Copy the lines running from the one that contains "MATERIAL SAFETY DATA" to the end of the entries below, exactly and with no pictures.
[[ Material provided, beginning ]]
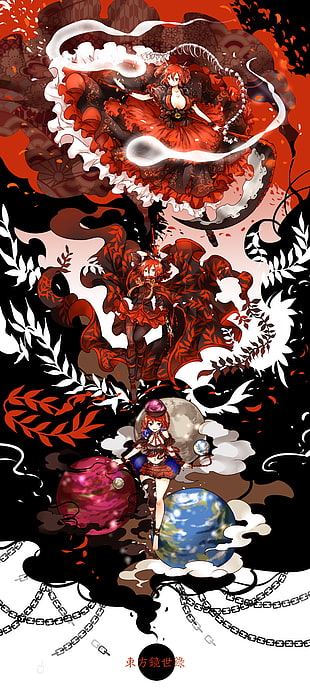 multicolored female character wallpaper, Touhou, Onozuka Komachi, Sekibanki, Hecatia Lapislazuli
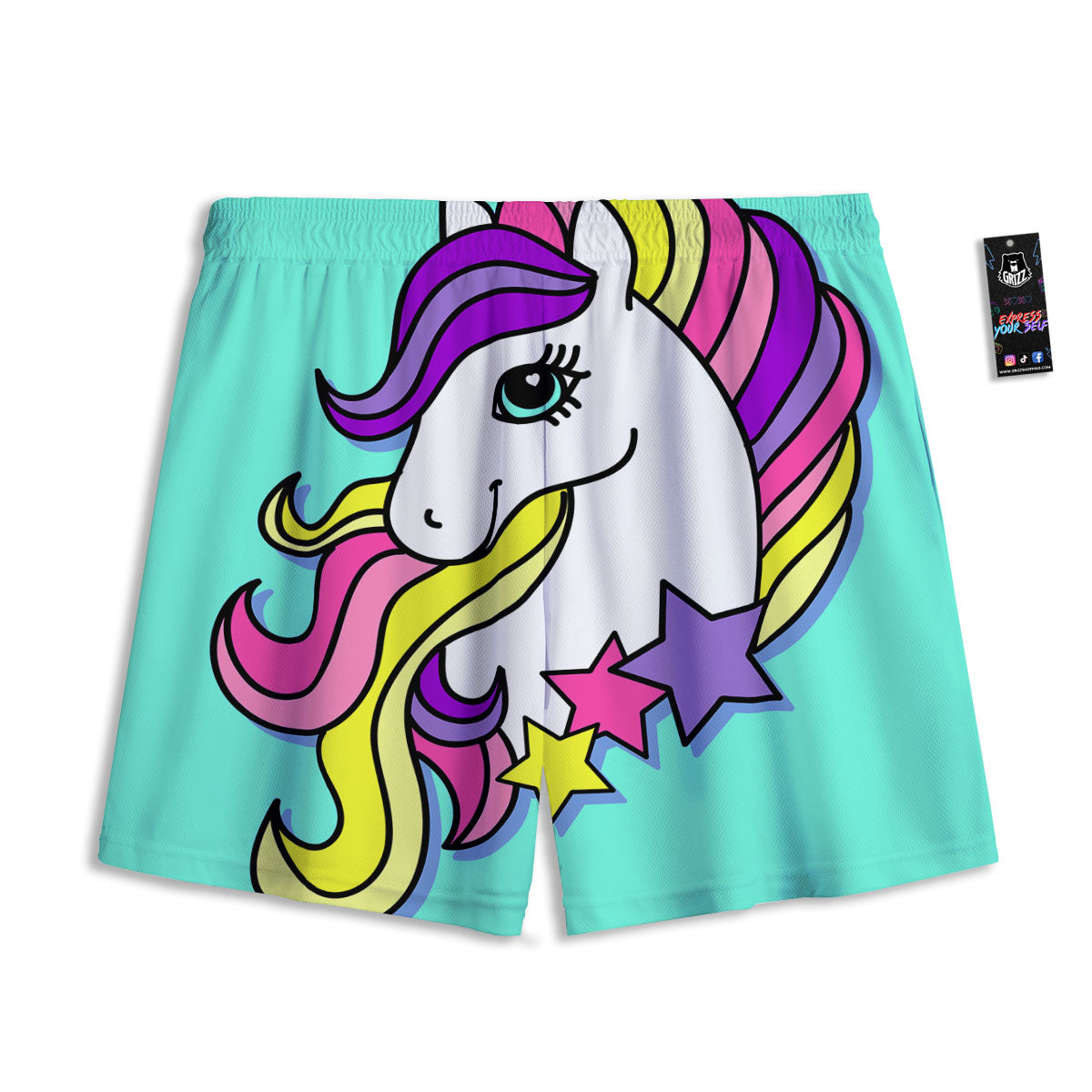Girly Unicorn Teal Print Mesh Shorts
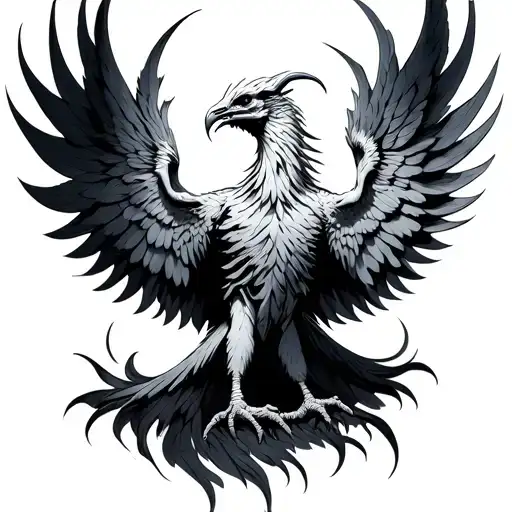 undead phoenix tattoo design idea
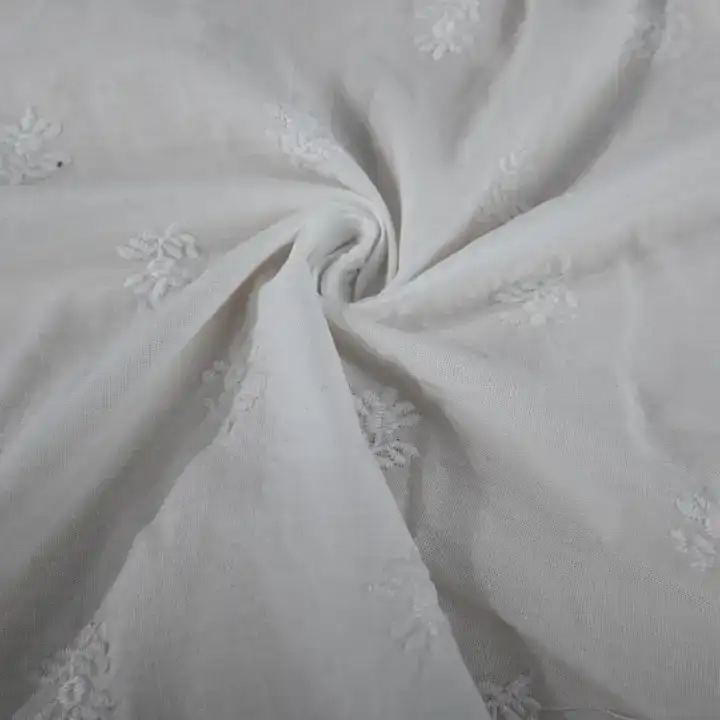 India Fabric for Shirt,Blouse,Crop Top Schiffli Synthetic Woven Fabric Cotton White color buy from India wholesaler bulk order at wholesale price free worldwide shipping Alibaba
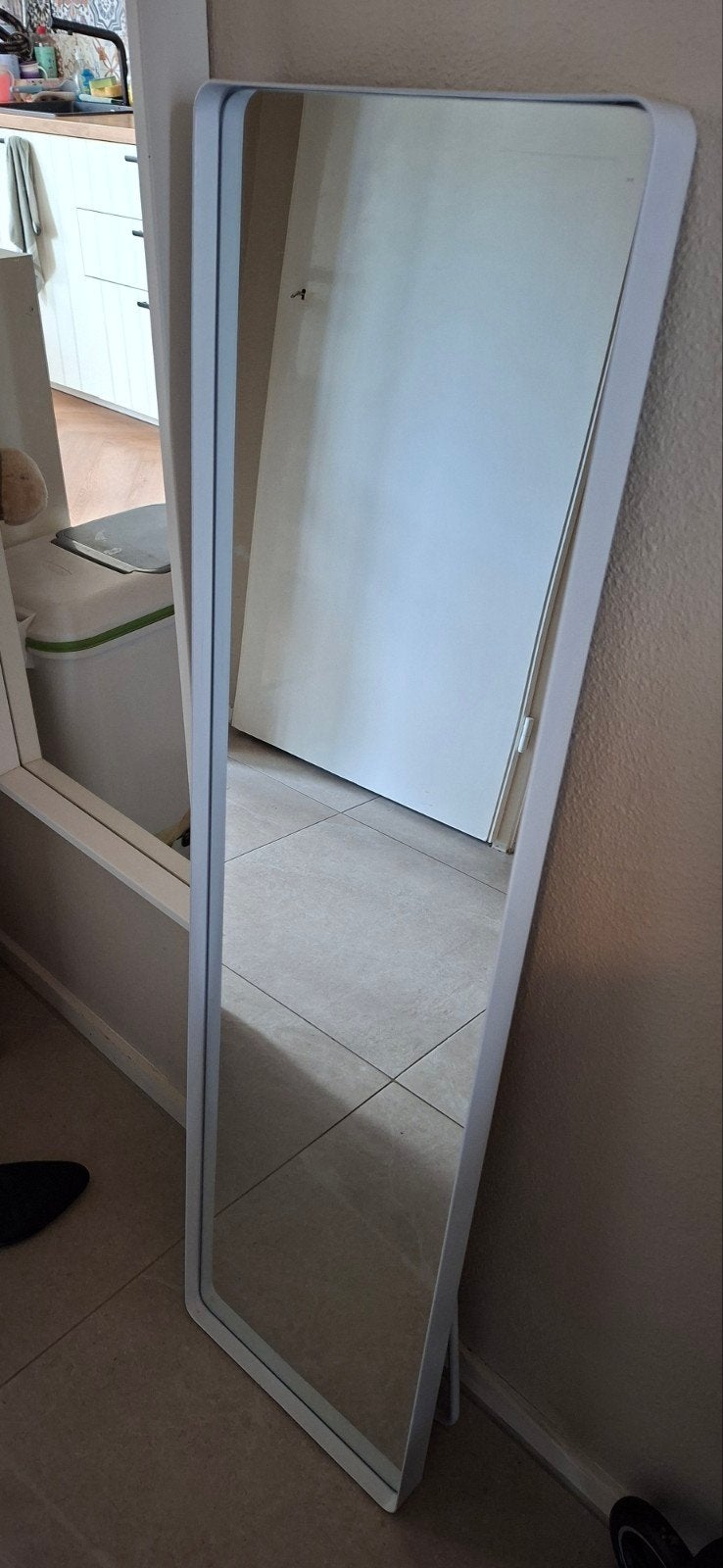 Witte passpiegel met afgeronde hoeken, Huis en Inrichting, Ophalen, Gebruikt, 150 tot 200 cm, Rechthoekig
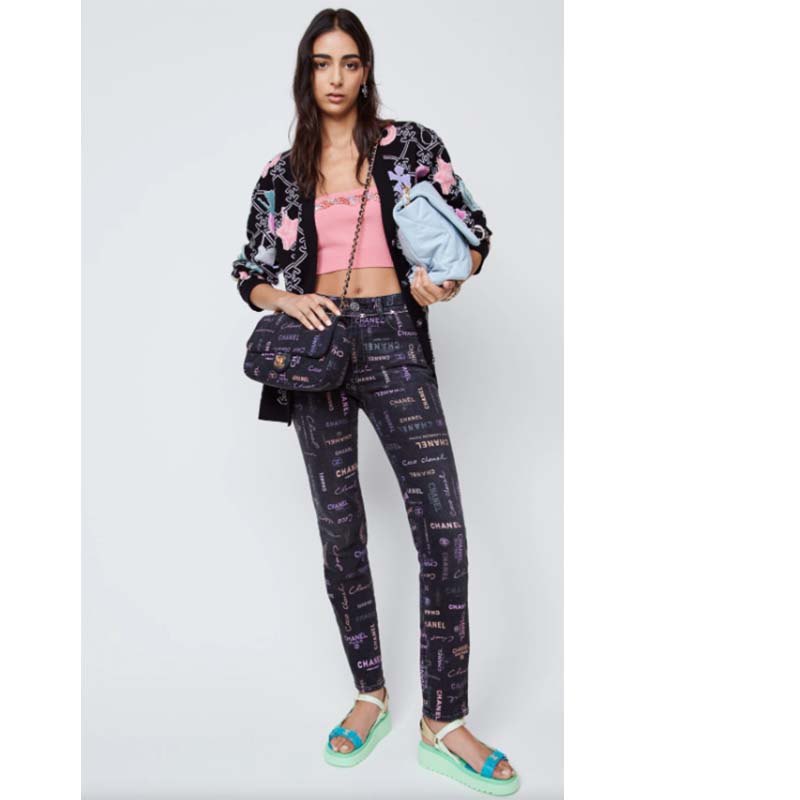 Chanel Women Large Flap Bag Printed Denim Gold-Tone Metal Black Multicolor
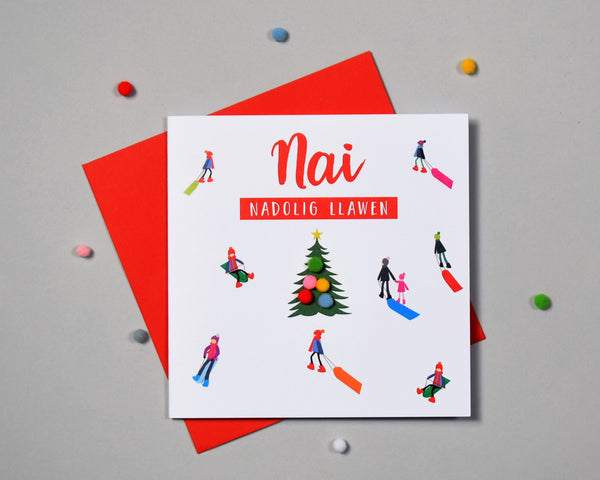 Welsh Nephew Christmas Card, Nadolig Llawen Nai, Sledgers, Pompom Embellished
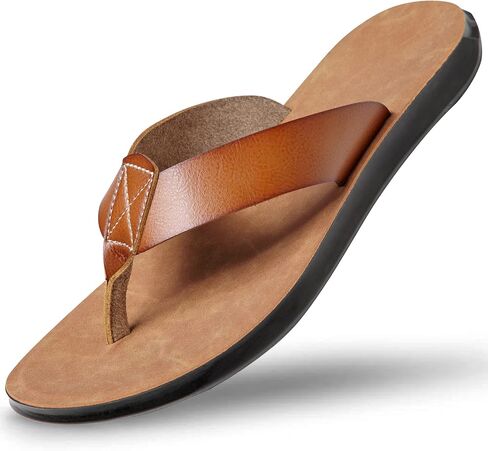 DC DUMPECCI Sandals For Mens Flip Flops With Arch Support Leather Soft Comfortable Beach Pool Summer Shoes in Saudi Arabia
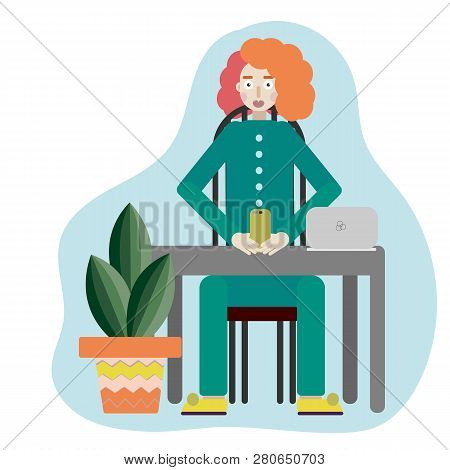 Hipster Girl Is Using For Remote Freelance Job Portable Net-book. Remote Jobs A Woman Works In A Con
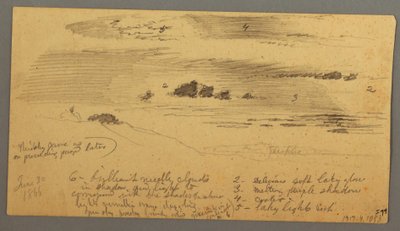 Landschaftsskizze, Hudson Valley, New York, 30. Juni 1866 von Frederic Edwin Church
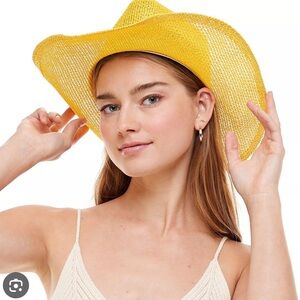 AUGUST Yellow Paper Straw Western Fedora Hat Elastic Band Cord String NWOT $75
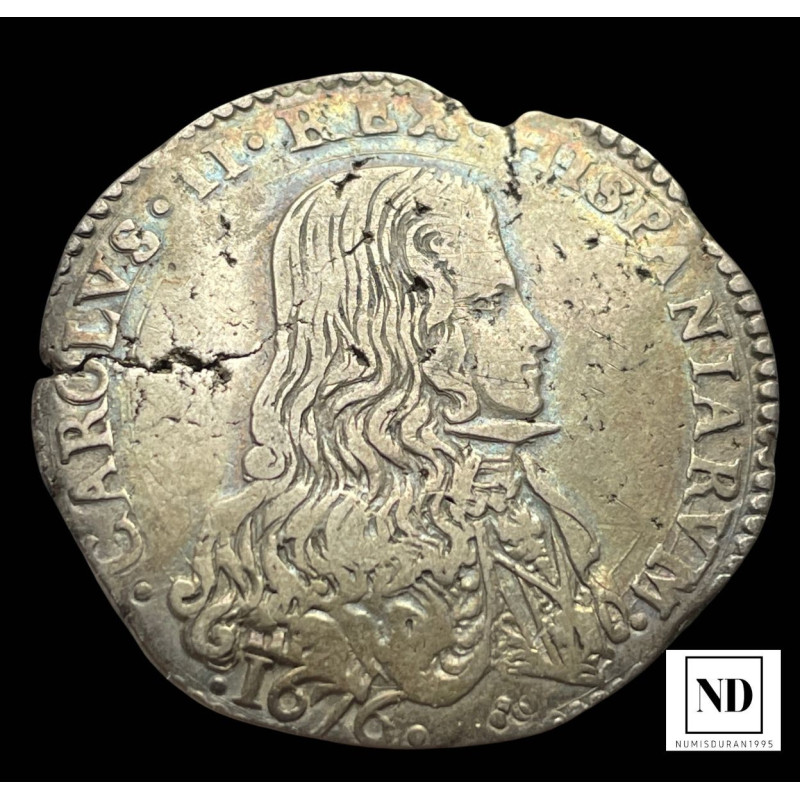 1/2 Felipe de Carlos II - 1676 - Milán - 13,69g Ag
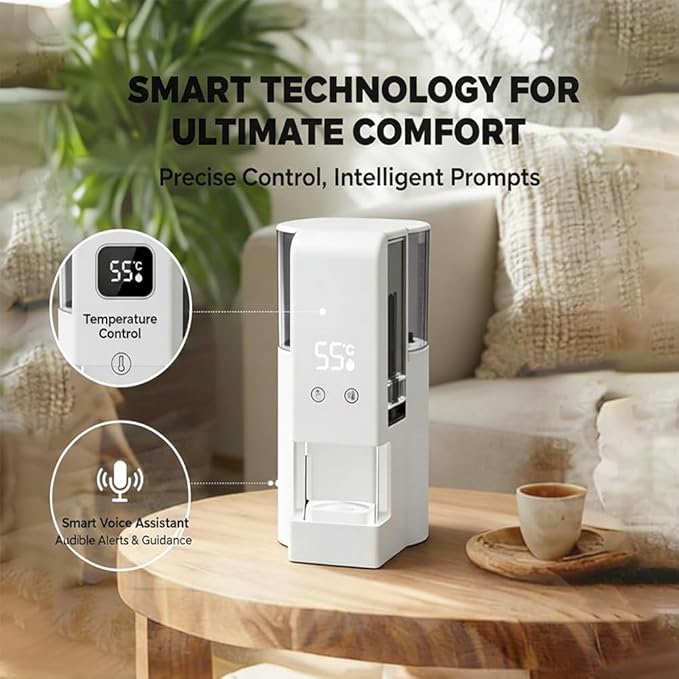 5s Fast Hot Towel Dispenser, 55°C (131°F) Constant Temp, 500ml Tank, Auto-Dry & Safe, Portable for Spa, Facial, Bathroom & Home (Hot Towel Heater with 2 Rolls of Towels)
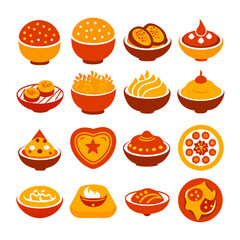 Variety of colorful food illustrations in bowls and plates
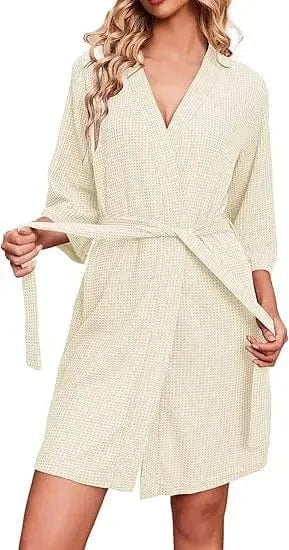 L / Beige 100% Cotton Wholesale Waffle Bathrobe Highly Breathable Waffle Robe in Bags and Rolls for Men Women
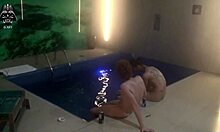 Threesome with friends in the motel pool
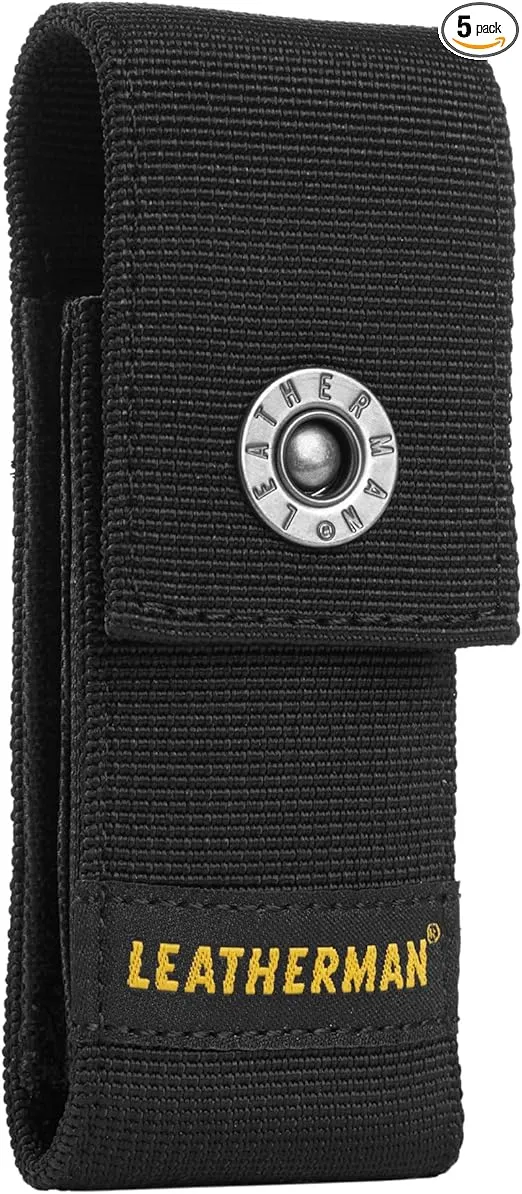 LEATHERMAN, Premium Nylon Snap Sheath, Fits 3.25” to 4.5” Multi-Tools, Black, Medium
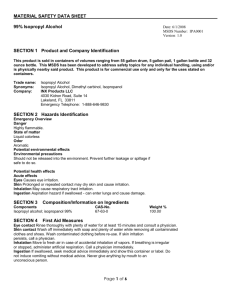 MATERIAL SAFETY DATA SHEET 99% Isopropyl Alcohol SECTION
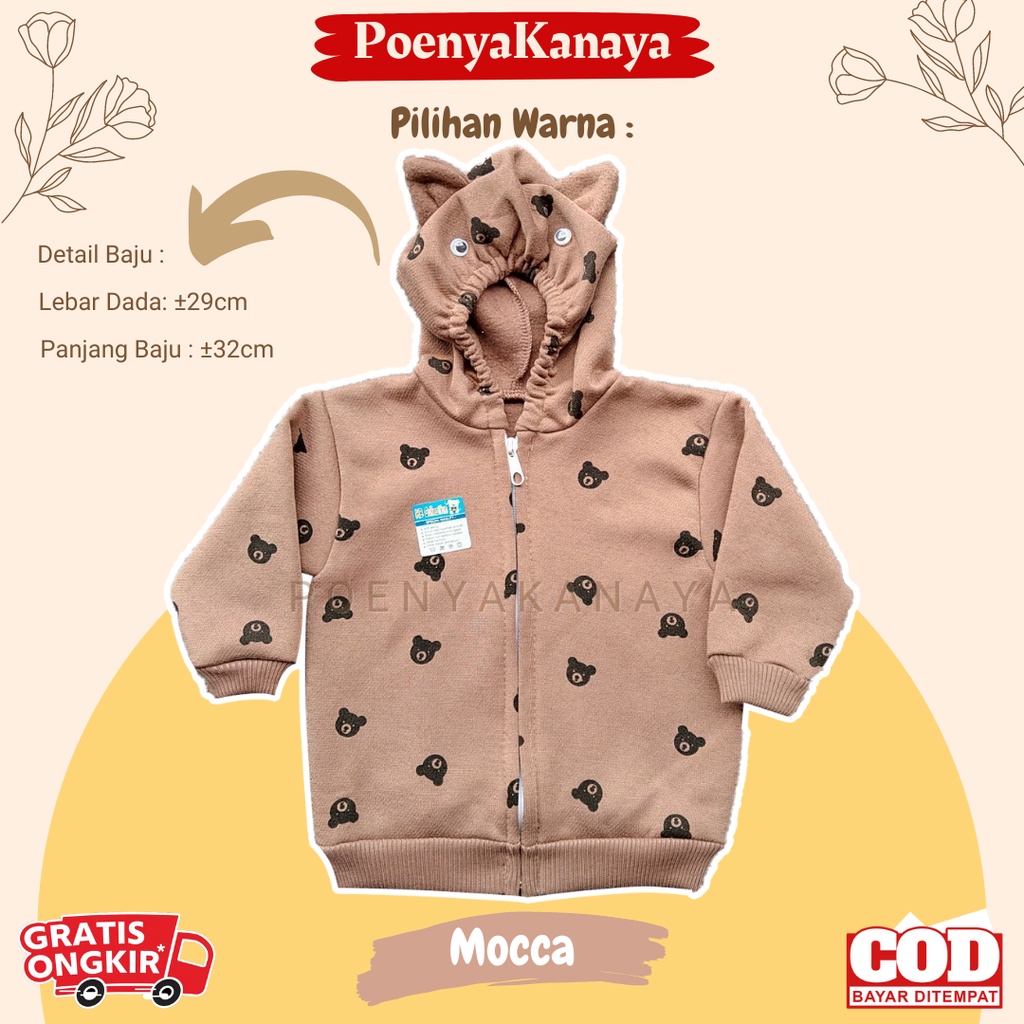 Jaket Bayi Anak fleece Resleting Kupluk Kepala Panda HBc Size 6-18 Bulan JK02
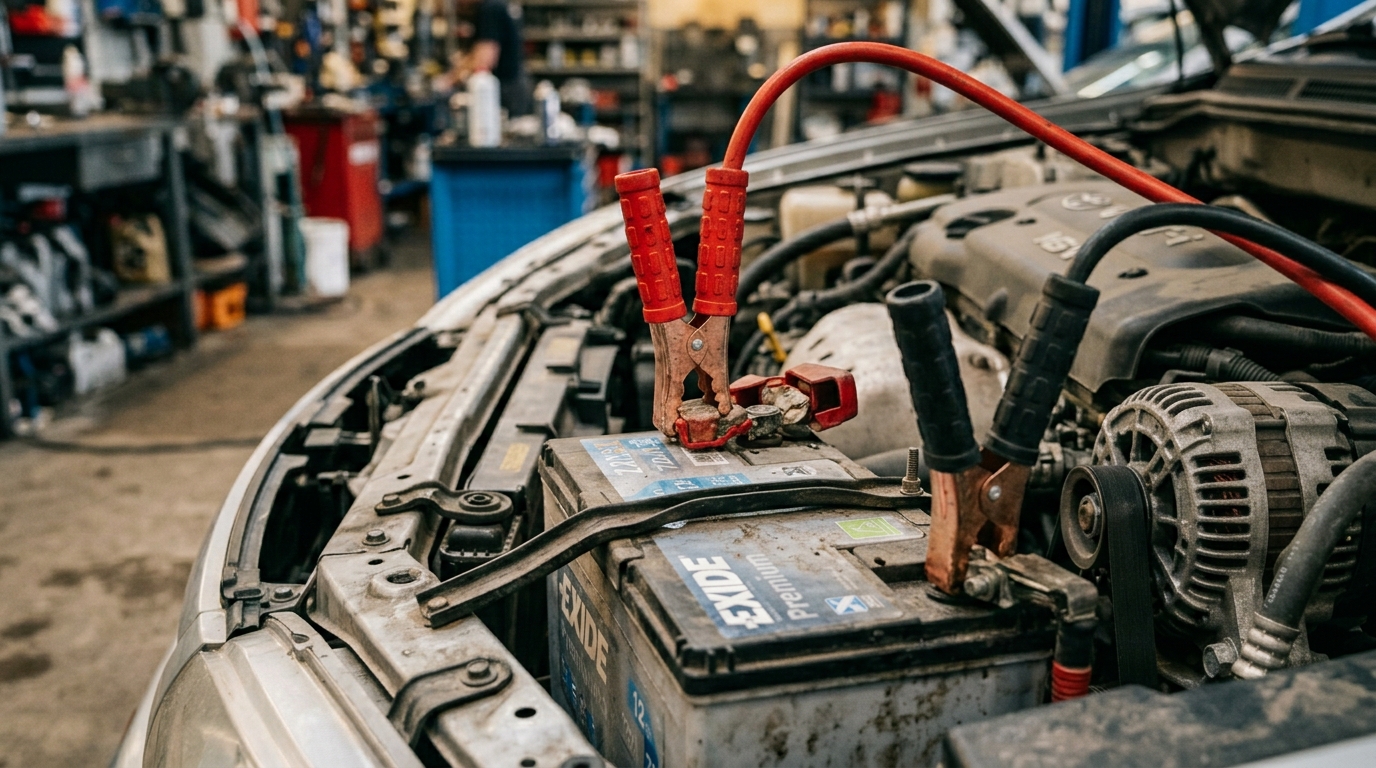 12-volt auxiliary battery with jump leads attached, a common cause of EV breakdowns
[[ Material provided, end ]]
*Response to the task*.
 MATERIAL SAFETY DATA SHEET 99% Isopropyl Alcohol SECTION
 Jaket Bayi Anak fleece Resleting Kupluk Kepala Panda HBc Size 6-18 Bulan JK02
 12-volt auxiliary battery with jump leads attached, a common cause of EV breakdowns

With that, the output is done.